J'appelle la hotline dédiée au dégroupage total. Là, que des points positifs (au début) : interlocuteur qui décroche tout de suite, poli, et bien équipé. Il teste à distance (depuis le Maroc, c'est là où est délocalisée la hotline, semble-t-il Edit : depuis Paris, comme me le signale un Freenaute respectueux et courtois) et me diagnostique une alimentation probablement défectueuse. Bon, on progresse. Il me recommande chaudement de trouver un voisin échangiste, car il ne peut pas m'envoyer d'alim de test. Bon, je fais un effort, je trouve (merci la solidarité de quartier, des inconnus m'ont répondu pour me dire qu'ils étaient chez Neuf, chez Cegetel, donc qu'ils ne pouvaient pas m'aider, mais c'est tout de même sympa de répondre...)

Je vais chez ce voisin que je ne connais pas, contact fort sympathique, il teste mon alim sur sa Freebox et me confirme qu'elle est naze (mon alim). Il est dans la partie (informaticien) et commence à me dessiller les yeux : moi, je suis à 3400 m du DSLAM et je n'ai jamais réussi à avoir les chaines de télé correctement. Lui est à 3500 m et reçoit les chaines parfaitement. Mais son voisin d'à côté, rien du tout.

Je rentre chez moi et recompose le numéro de la hotline au Maroc. Le gars me dit : « OK, c'est l'alim, il faut que vous en achetiez une autre ». Je tombe de haut, et lui explique que Free me rend un service, pour 30 € / mois, et ce service consiste à mettre à ma dispo une Freebox qui marche, une alim qui marche, et une connexion ADSL qui marche. Lui me répond « l'alim n'est plus sous garantie, donc c'est à vous de la payer ». Dialogue de sourds (moi : "ce que vous dites, c'est que Free ne garantit la qualité de ses alim que la première année, en bref, qu'elles ont une espérance de vie d'un an ?" Lui : "mais non, je n'ai pas dit ça"), dialogue que je coupe, car à 34 centimes la minute, le hotliner a tout intérêt à palabrer sans fin. Moi pas, car je suis un mec hyper important.
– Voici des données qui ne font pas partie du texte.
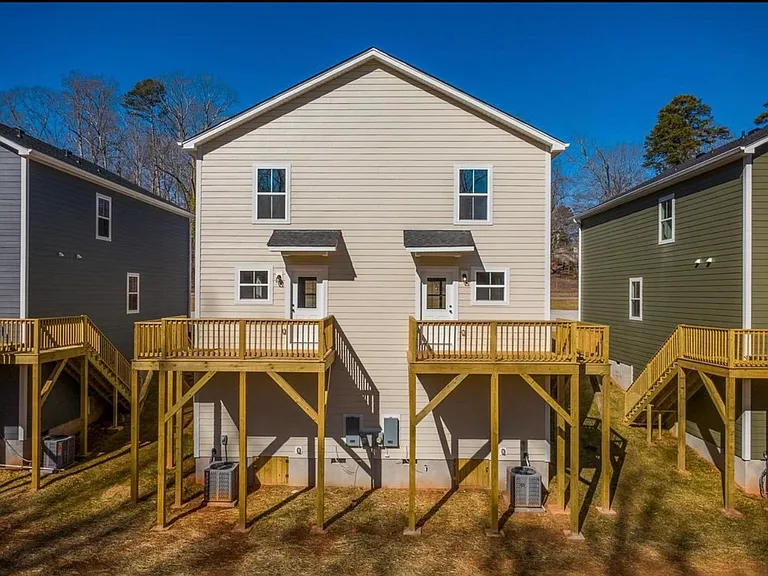 267 Vanderbilt Rd — Photo 24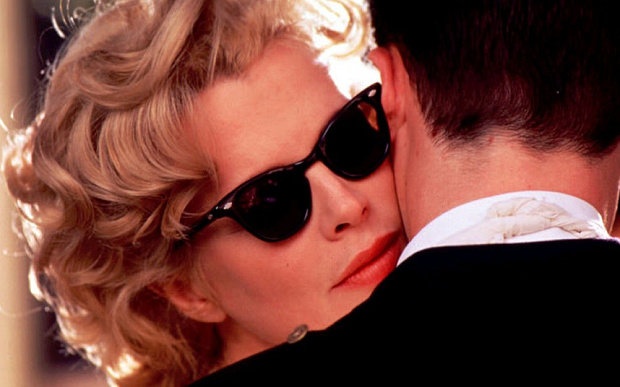 10 vai nu co nhan sac chet nguoi hinh anh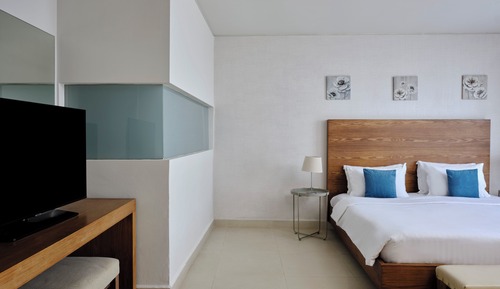 One Bedroom Suite Sea View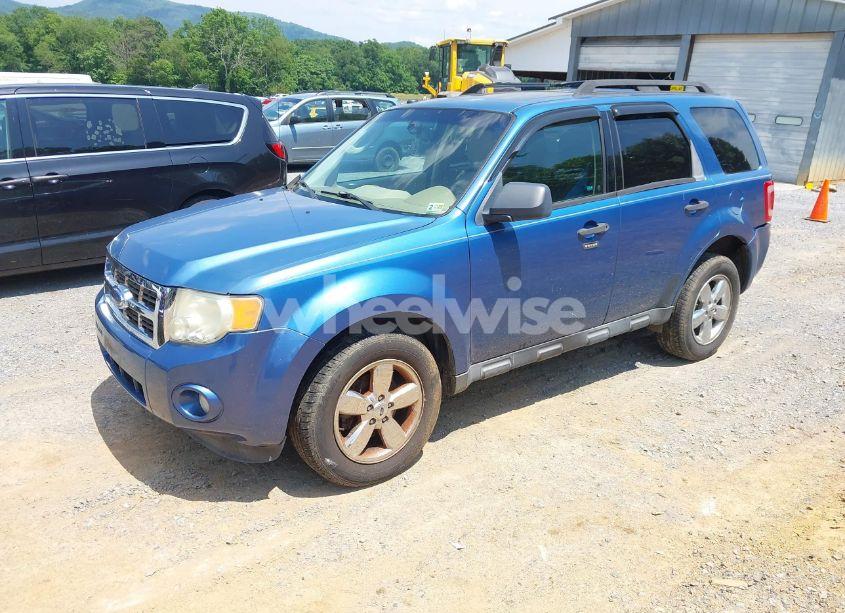 Photo 2 of 2009 Ford Escape XLT (VIN 1FMCU93G69KA07479)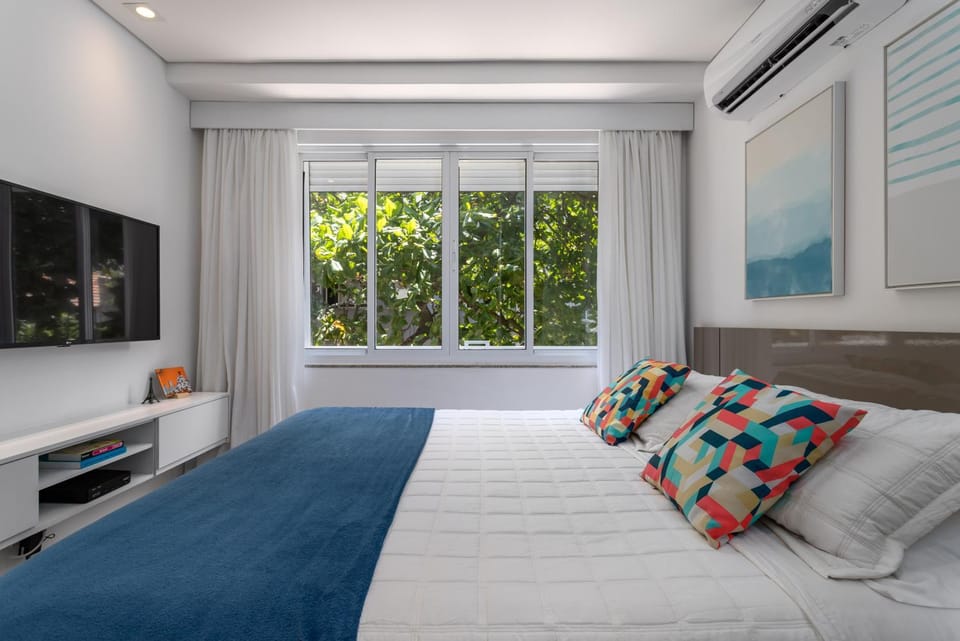 Bed, TV and multimedia, View (from property/room), Photo of the whole room, air conditioner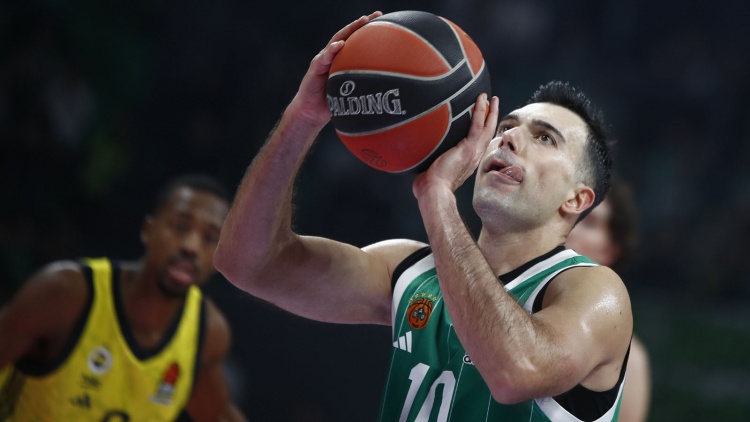 Σλούκας: «Κάναμε καλή δουλειά και διατηρήσαμε τη νοοτροπία νικητή»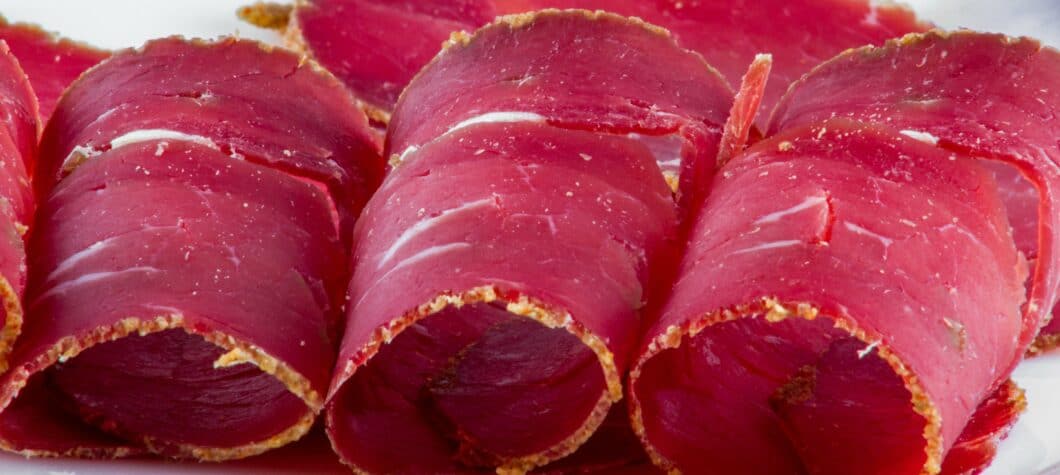 Premium Pastirma - Authentic Sliced Cured Beef (200g) | Traditional Turkish Delicacy | Perfect for Charcuterie Boards, Sandwiches & Gourmet Snacking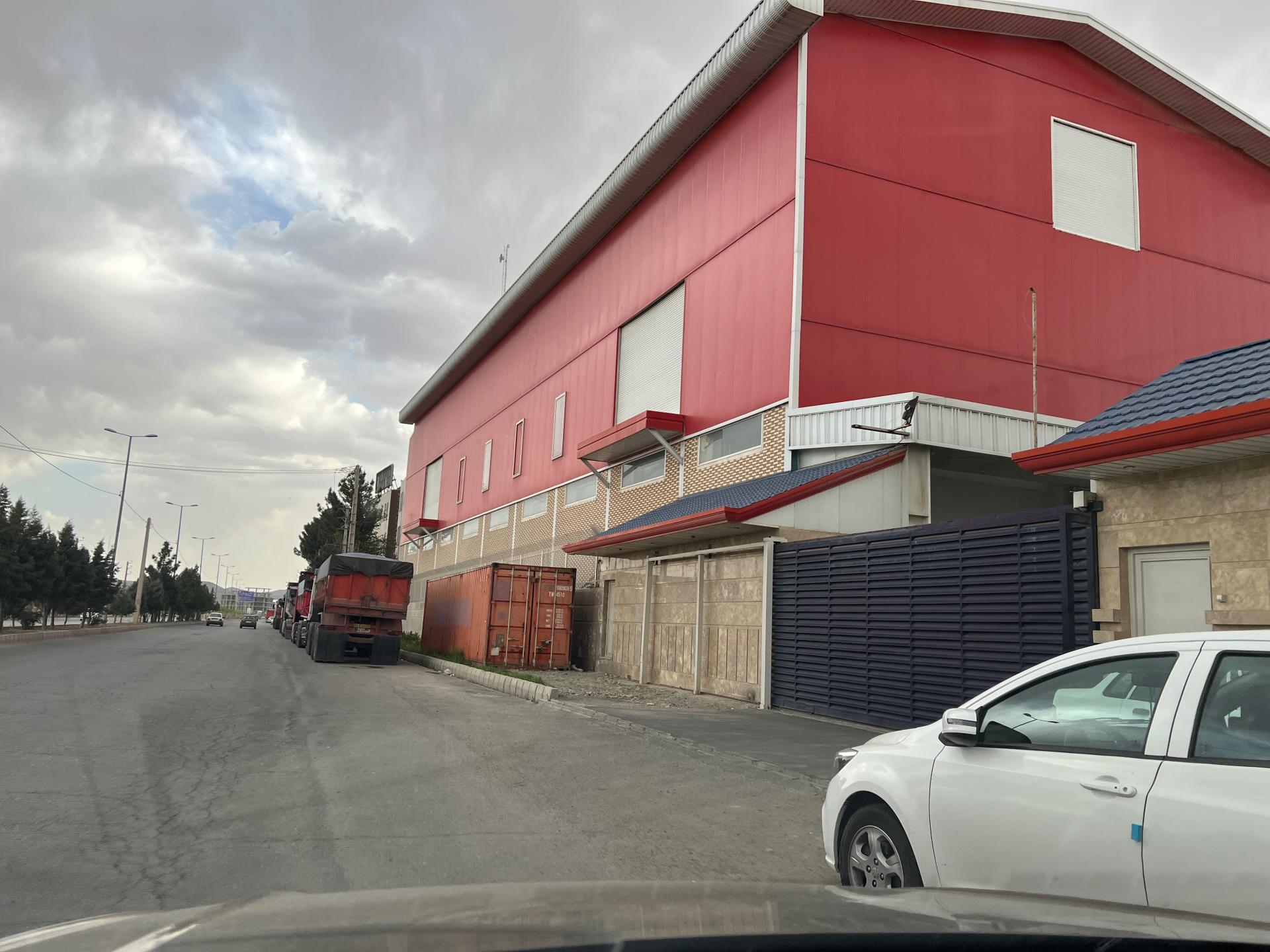 عکس کارخانه شکلات نوبل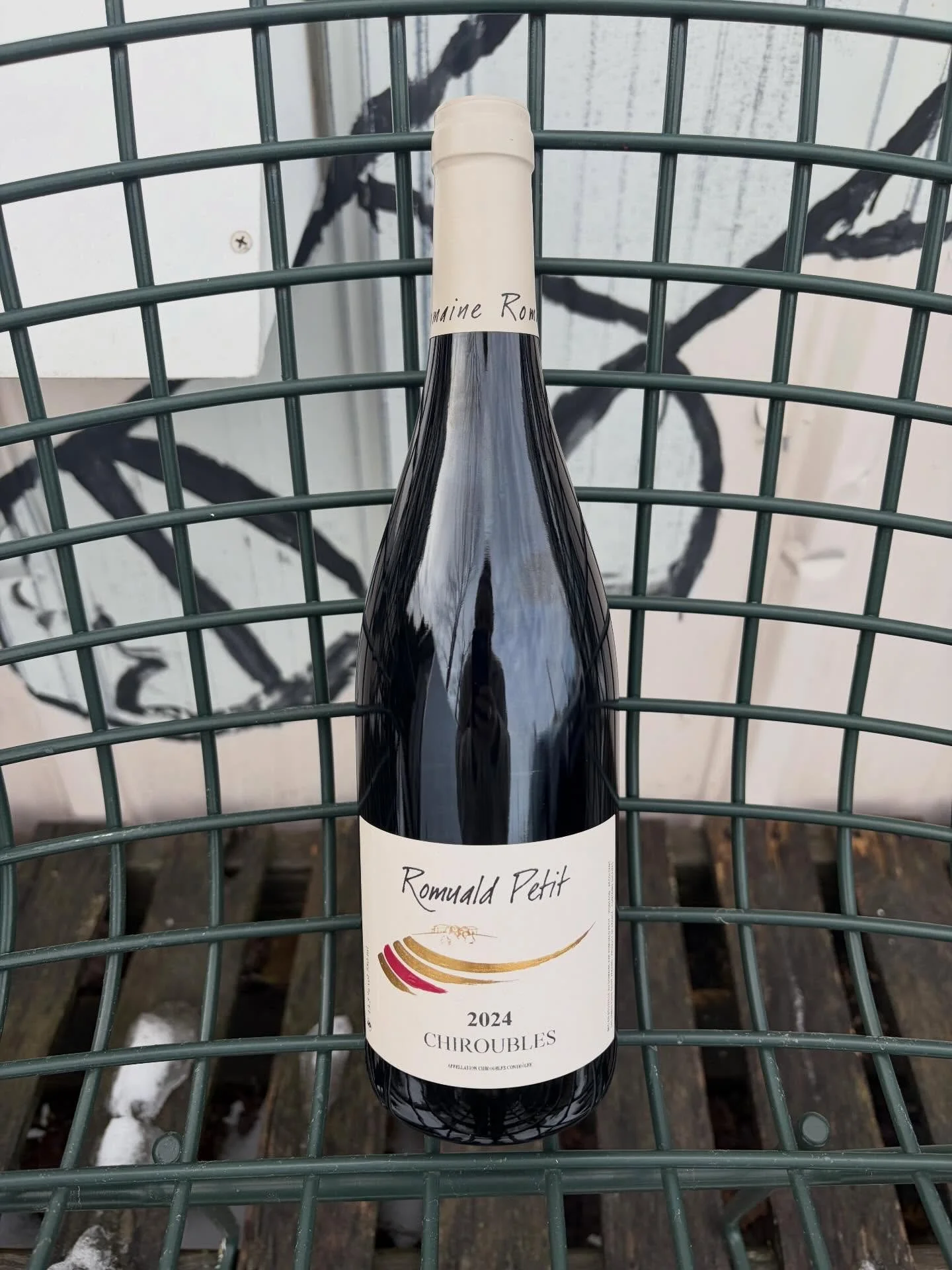 we are preparing for the cold, by drinking wine! weekend tastings still happening ❄️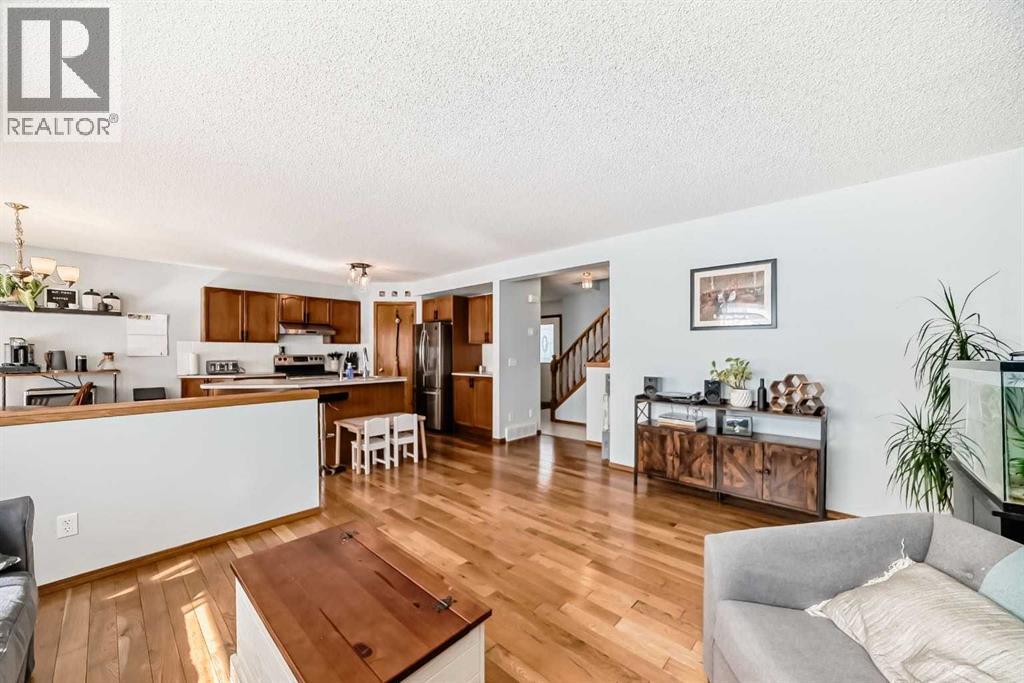 15 Citadel Meadow Grove NW, Calgary, Alberta  T3G 4K6 - Photo 3 - A2299760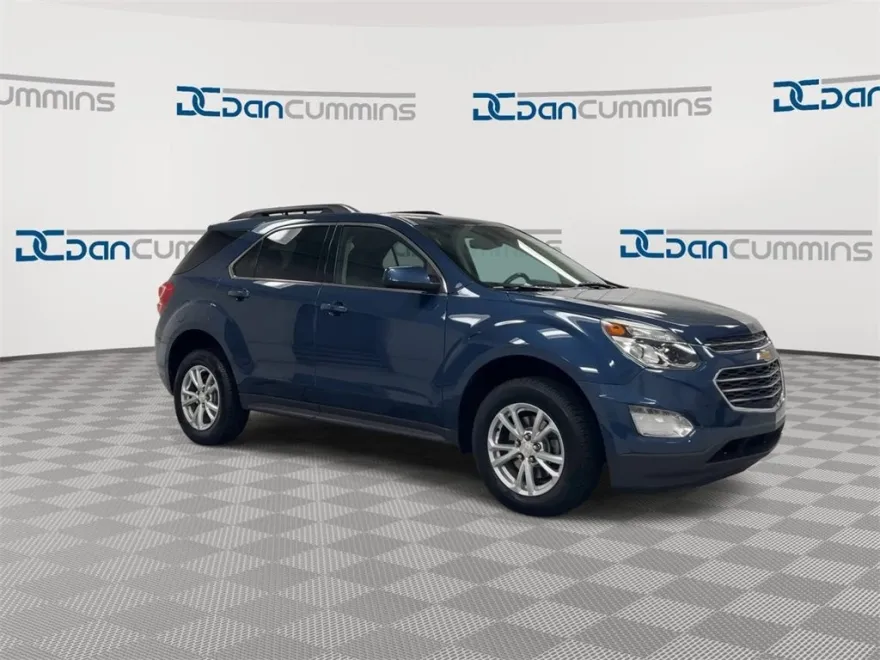 2016 Chevrolet Equinox LT photo 1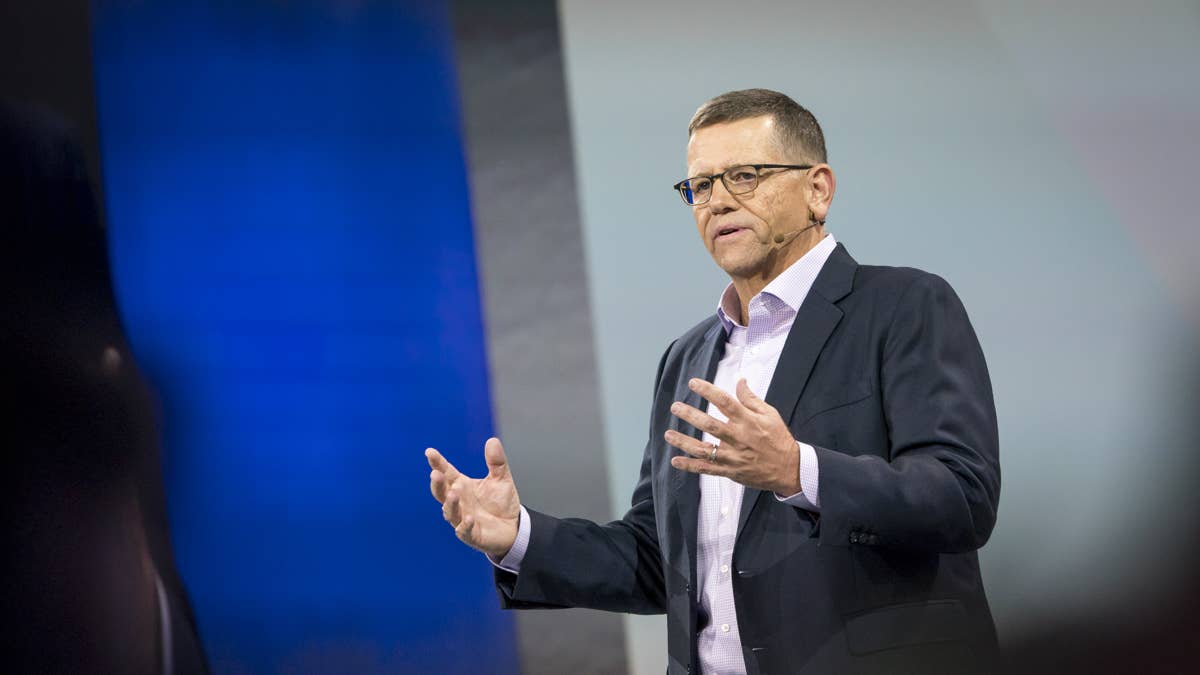 Wedbush isn't fully buying SanDisk's investor day pitch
Pour conclure, quelques conseils, qui me serviront aussi de pense-bête :

  • à plus de 2500 m d'un DSLAM, il ne faut pas trop espérer avoir les chaines de télé. Dans ce cas, passer au cable (numericable) ou la fibre optique (erenis) et abandonner Free.
  • essayer de nettoyer sa ligne téléphonique comme indiqué ici : enlever les condensateurs des prises, déconnecter les fils inutiles, passer tous les fils de cuivre au Mirror, tirer un cable neuf depuis le DSLAM, demander de l'aide à E.T., frotter tous les électrons de l'air ambiant pour qu'ils conduisent l'électricité statique, faire appel à Pikachu...
  • Si Freebox déconnecter régulièrement, regarder l'alim d'un mauvais oeil.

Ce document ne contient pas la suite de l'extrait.